Saturday, January 2, 2010

Marking the White (repost)


(Originally posted 6/11/09)
Excerpt from Duma Key by Stephen King:

How to Draw a Picture (I)
Start with a blank surface. It doesn't have to be paper or canvas, but I feel it should be white because we need a word, but its true name is nothing. Black is the absence of light, but white is the absence of memory, the color of can't remember.

How do we remember to remember? That's a question I've asked myself often since my time on Duma Key, often in the small hours of the morning, looking up into the absence of light, remembering absent friends. Sometimes in those little hours I think about the horizon. You have to establish the horizon. You have the mark the white. A simple enough act, you might say, but any act that remakes the world is heroic, or so I've come to believe.

I have on occasion referred to myself as an artist. Reluctantly so if I'm being honest - and I usually am. (Honest, that is.) I am not an artist in the classic sense. I seldom create something from nothing. Rather I find myself reproducing something I've seen before and taking it one or two steps further, or subtracting something. The term I'm most comfortable with is painter. Simple, descriptive, accurate.

I have always been interested in pursuits I would later learn are in the field of Creative Arts. Music, literature, painting, creating things with my hands. Some might refer to the latter as Arts and Crafts. But I would not necessarily fit some of the things I have made into that category. (Perhaps I'll share more of that on another post.)

What has caught me completely off guard is my desire to write.

I have always loved to sing, but it was not until I was inspired by the company of talented vocalists and musicians that I considered creating music - specifically creating music for the express purpose of praising God - as an art form. What was once a very special friendship with music has now become a passion.

So, it seems, it is with writing. The first blog I ever read was my friend and pastor Jeff Hogan's blog, Convergence. He has a gift for both the spoken and written word. He set the bar fairly high.

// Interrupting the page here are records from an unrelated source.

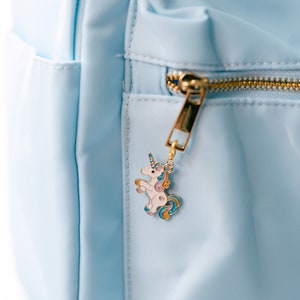 Breloques à clip pour enfants | Charms de sac à dos pour la rentrée scolaire | Accessoires de sac à dos | Pendentifs tendance pour enfants | à breloques pour boîte à lunch | Sac banane à breloques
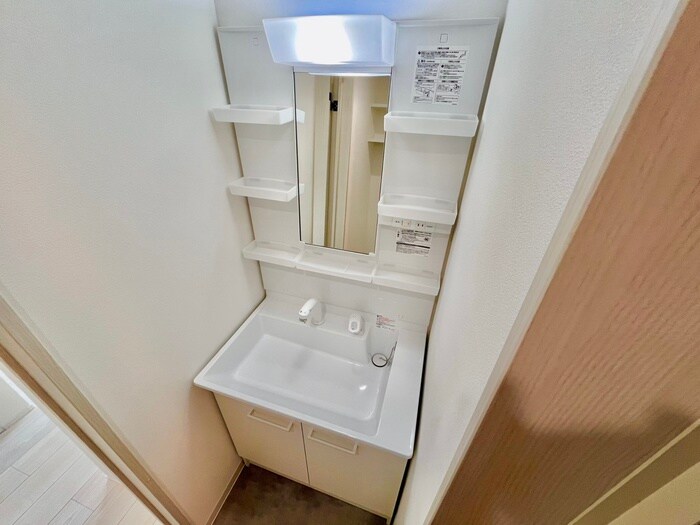 物件内観写真11　(洗面)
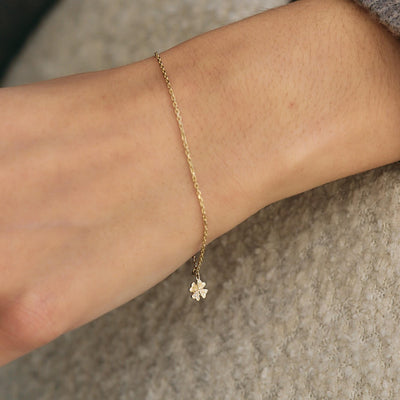 תליון תלתן טייני זהב 14K Bracelets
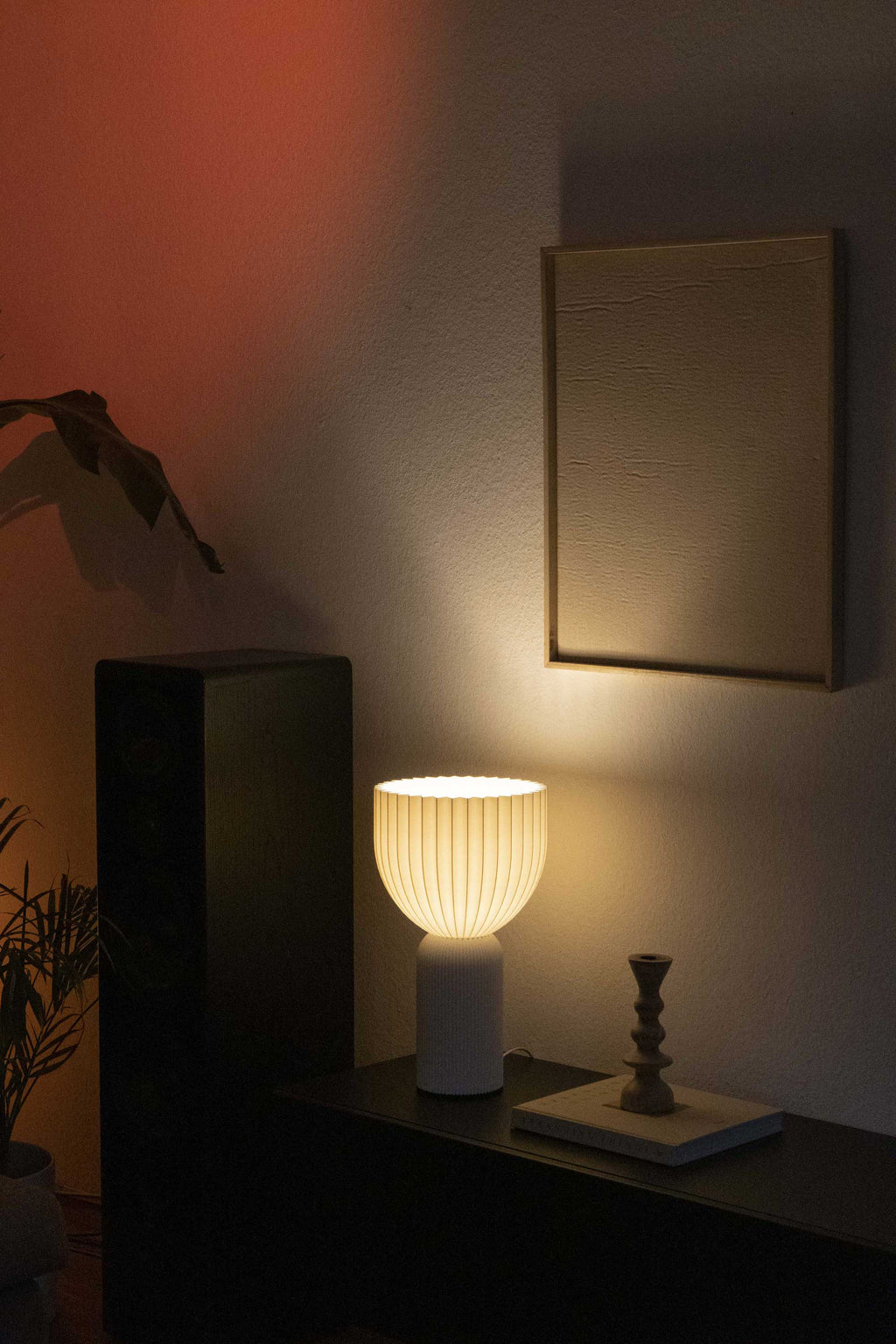 Weiße Tischlampe pema factory Lamp C atmosphere_mit möbel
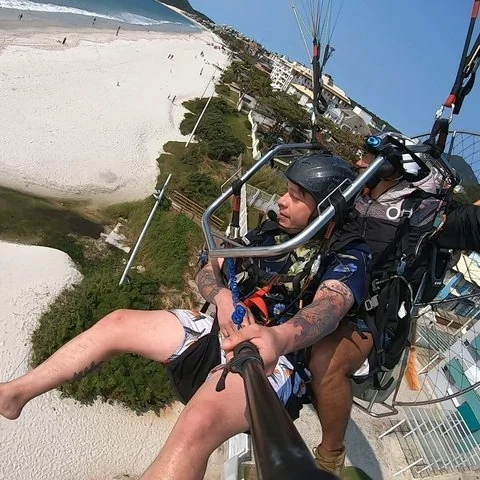 Die Küste von Florianópolis aus einem Tandemflug erleben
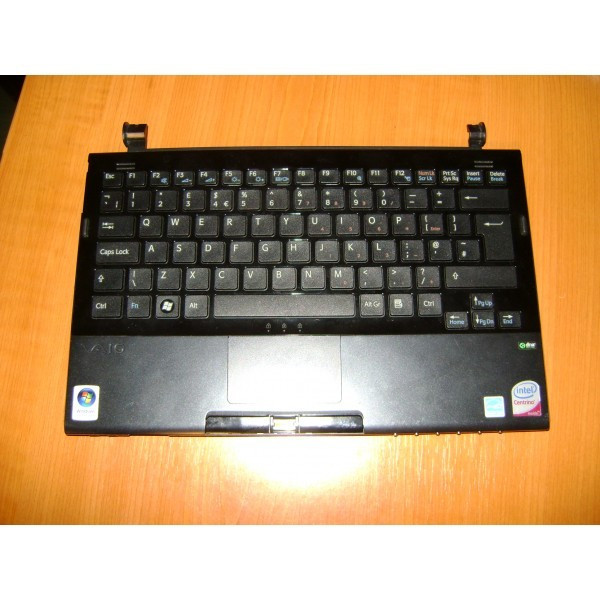 Tastatura Laptop Sony Vaio VGN-TZ31XN/B&iuml;&raquo;&iquest; PCG-4N2M cu Palmrest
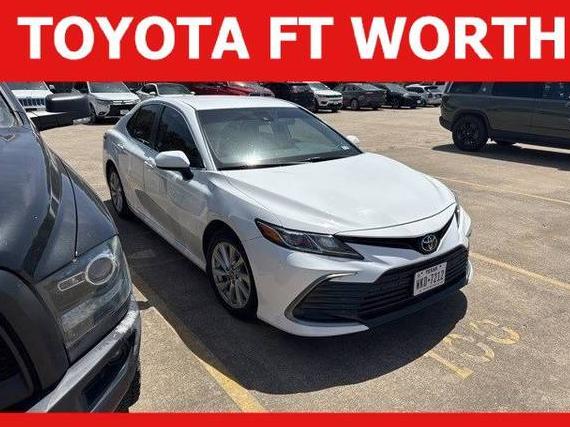TOYOTA CAMRY 2021 4T1C11AK1MU411353 image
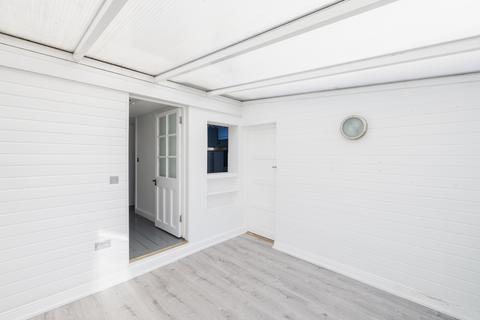 2 bedroom bungalow to rent, La Route De La Haule, St. Lawrence, Jersey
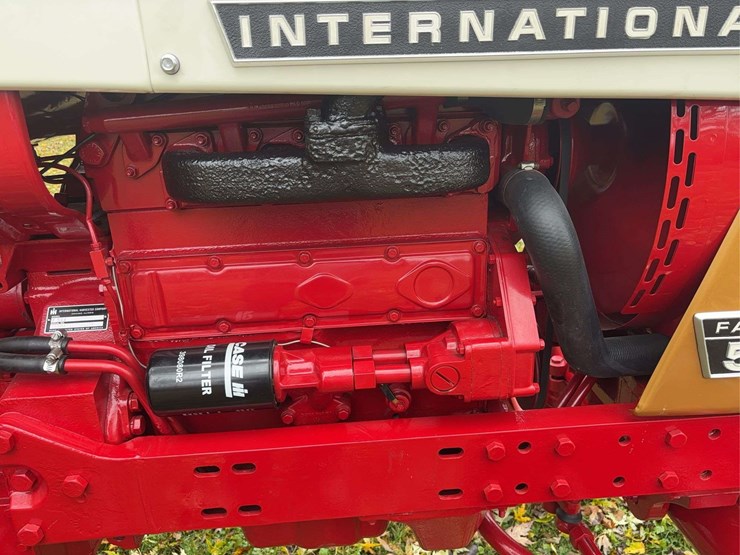 1970-farmall-544-hydro-diesel-row-crop-golden-demonstrator-image-35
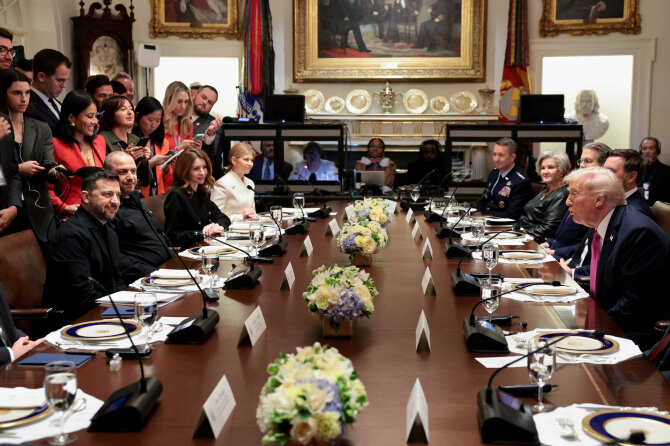 „Reuters“/„Scanpix“ nuotr./Volodymyro Zelenskio ir Donaldo Trumpo susitikimas Baltuosiuose rūmuose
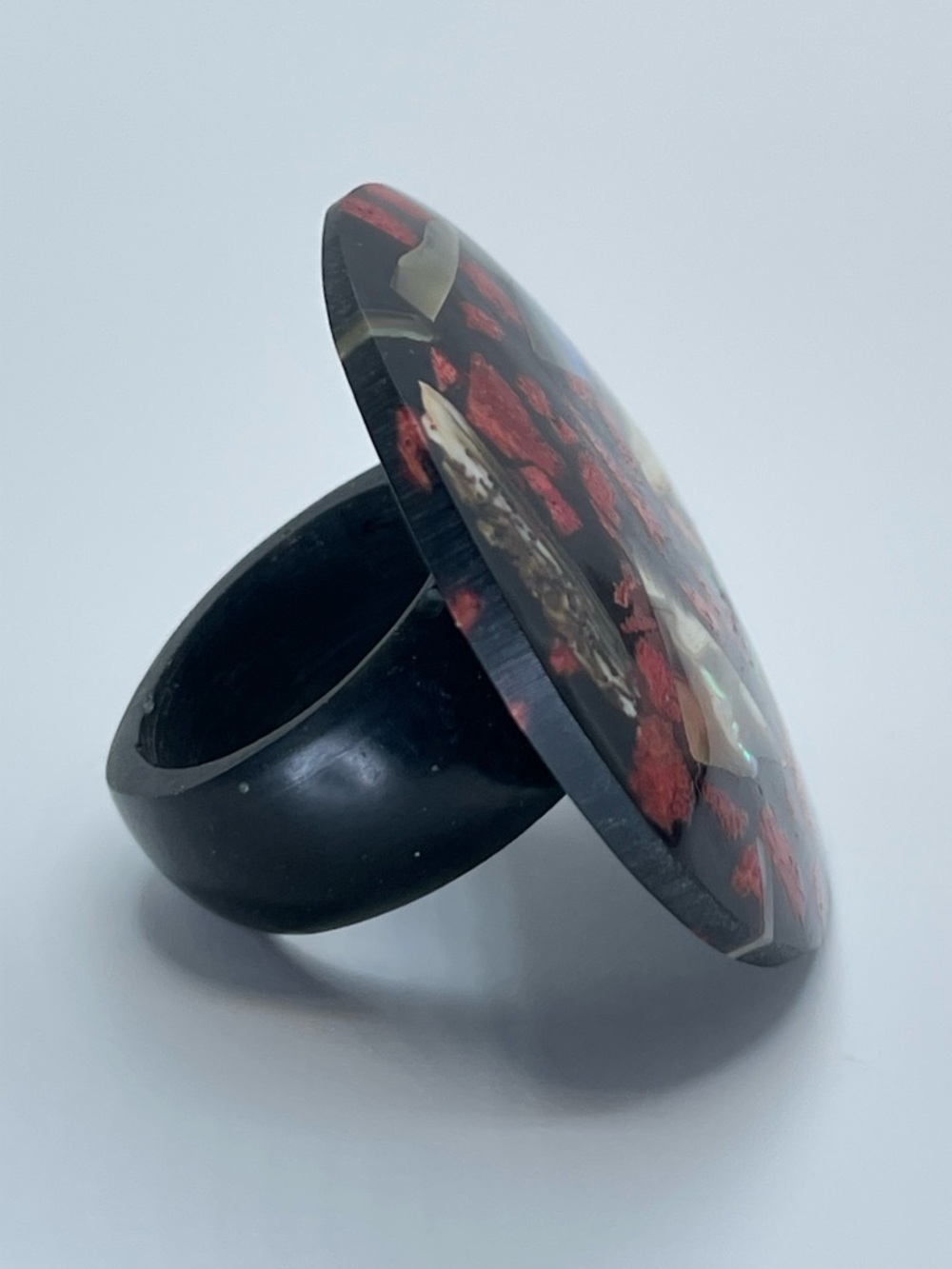 Vintage Wood Abalone Shell Red Coral Inlay Statement Ring Sz 7 - Picture 7 of 8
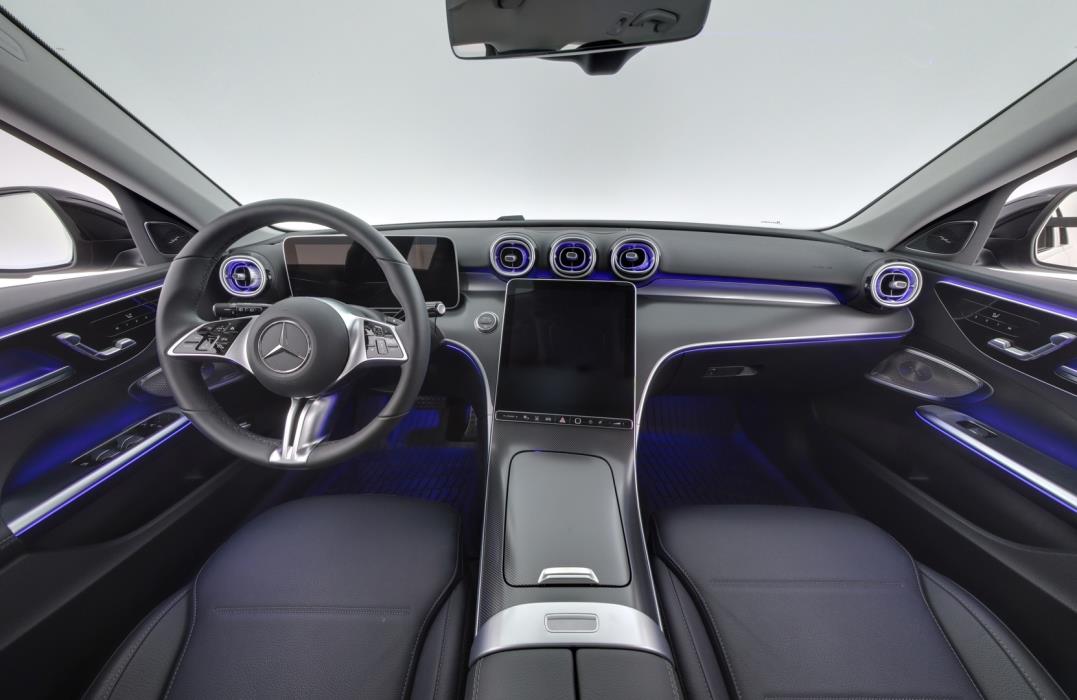 MERCEDES-BENZ C 2025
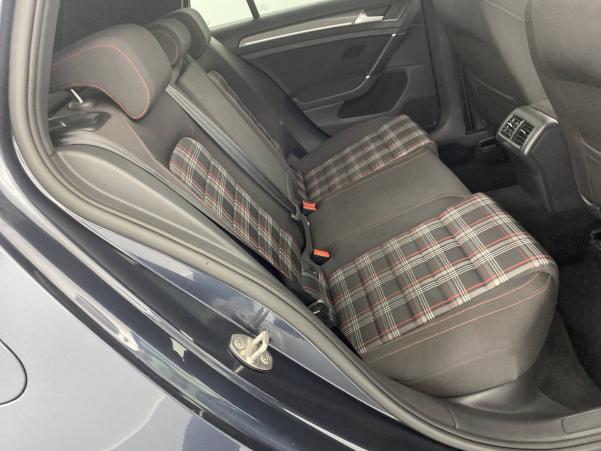 Vente en ligne Volkswagen Golf  2.0 TSI 245 BlueMotion Technology DSG7 au prix de 26 990 €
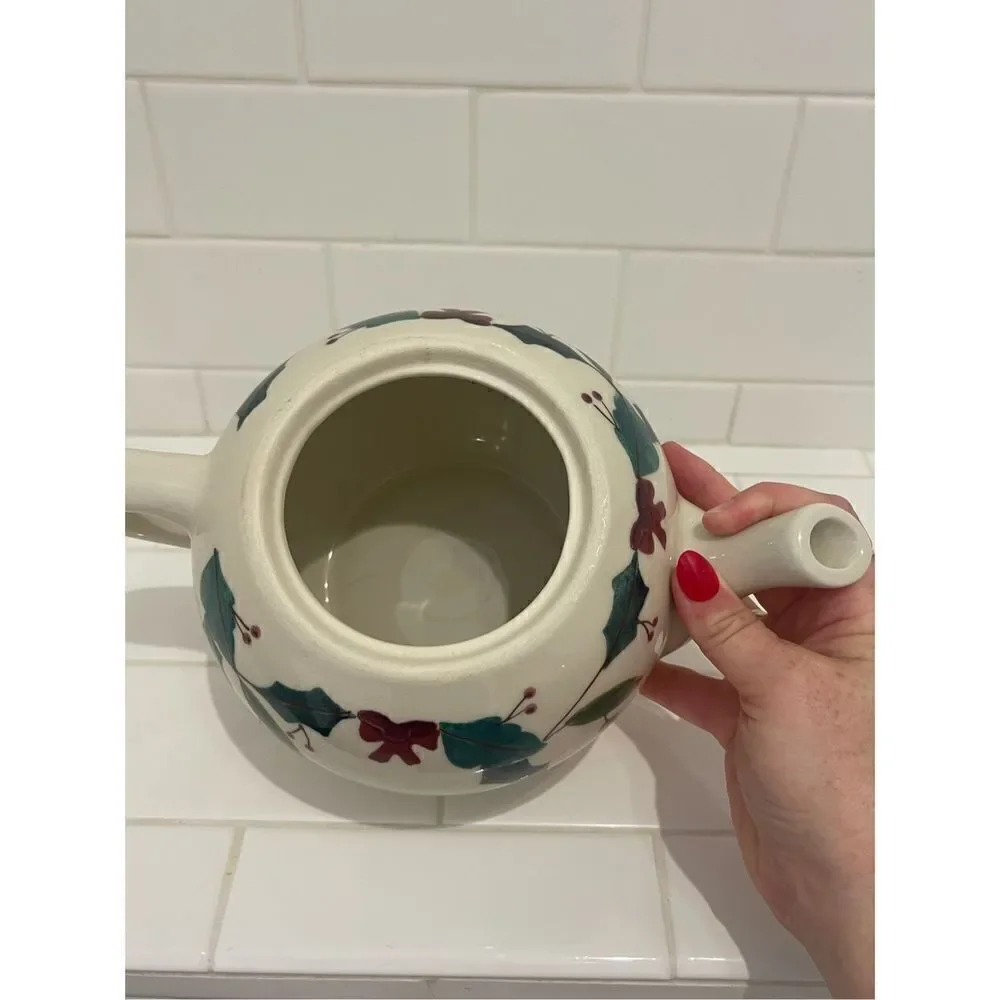 Vintage Hartstone Pottery Christmas Holiday Holly Teapot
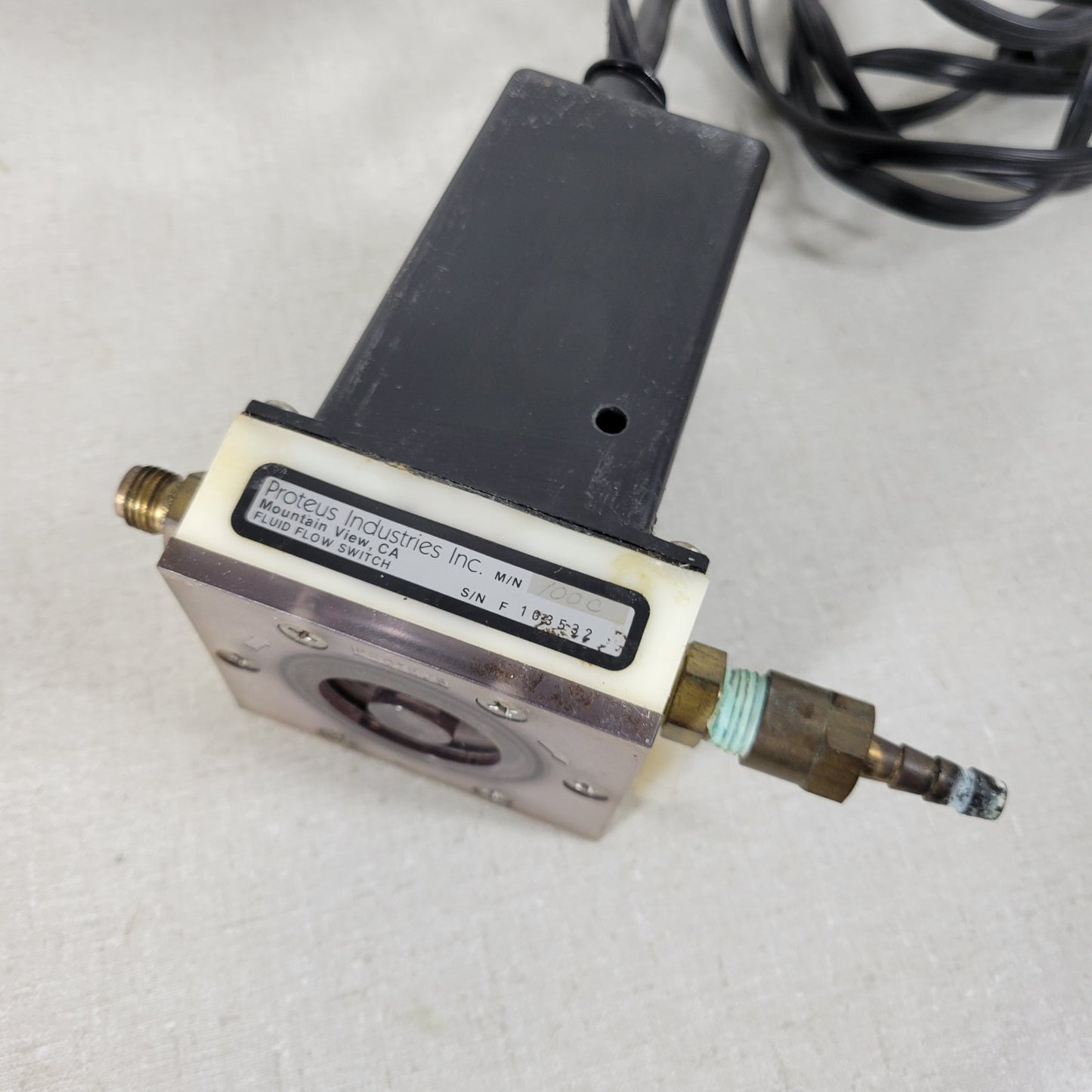 Proteus Industries 1000 Fluid Flow Switch US 120V 3/8" to Taper Tube Fitting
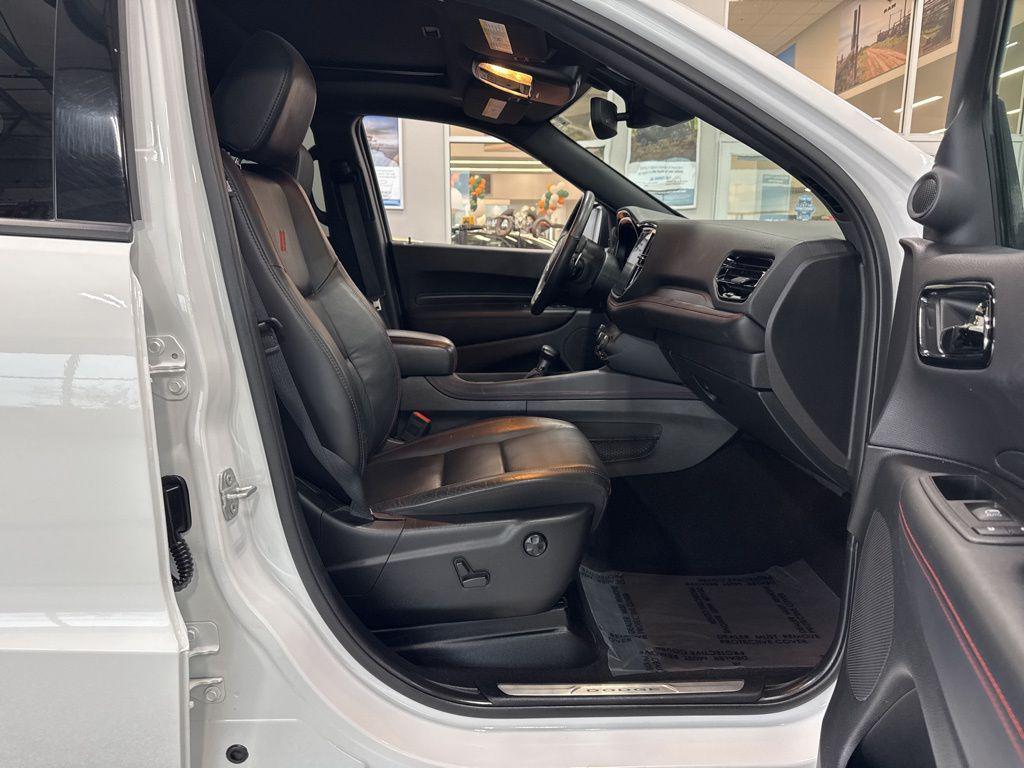 used 2025 Dodge Durango car, priced at $40,999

Next, there was Stuff Christians Like . After reading two posts, I was absolutely hooked. You had me at Rob Bell, Jon. You had me at Rob Bell. I think that's when the writer in me began to stir.

I am in unfamiliar territory here, but because many of my readers and fellow bloggers are such incredibly talented writers and storytellers, they have given me the courage to get out of my comfort zone. Funny, irreverent, sarcastic, downright ridiculous - that's my A-game. And while I have always tried to write from the heart, I want you to know that there will be times here when I will write from parts of my heart that you are not accustomed to seeing.

Hope that's okay with you.

3 comments:

Anonymous said...

It's always a bit nerve wracking to step out into the unknown but I truly believe that God rejoices in creativity. It's an emulation of the greatest creation ever. I'm happy for this new journey for you--although I'm inclined to think you're off to a great start.

Eric said...

Write away my friend, write away. We are all called to be creators with God in whatever medium happens to be our Element (in the words of Ken Robinson). I look forward to reading more of your writing from the heart this coming year. (And "listening" to your back and forth witticisms with @billycoffey) :)

Maureen said...

Isak Dinesan, best known for Out of Africa, wrote that "[t]o be a person is to have a story to tell." And Jim Harrison wrote that "[t]he answer is always in the entire story, not a piece of it." Eventually, we begin to put together the pieces and to see the whole person. In 2010, I'm looking forward to seeing more of the pieces and getting to know you the whole person.

Thank you for re-posting this. It's a very good piece.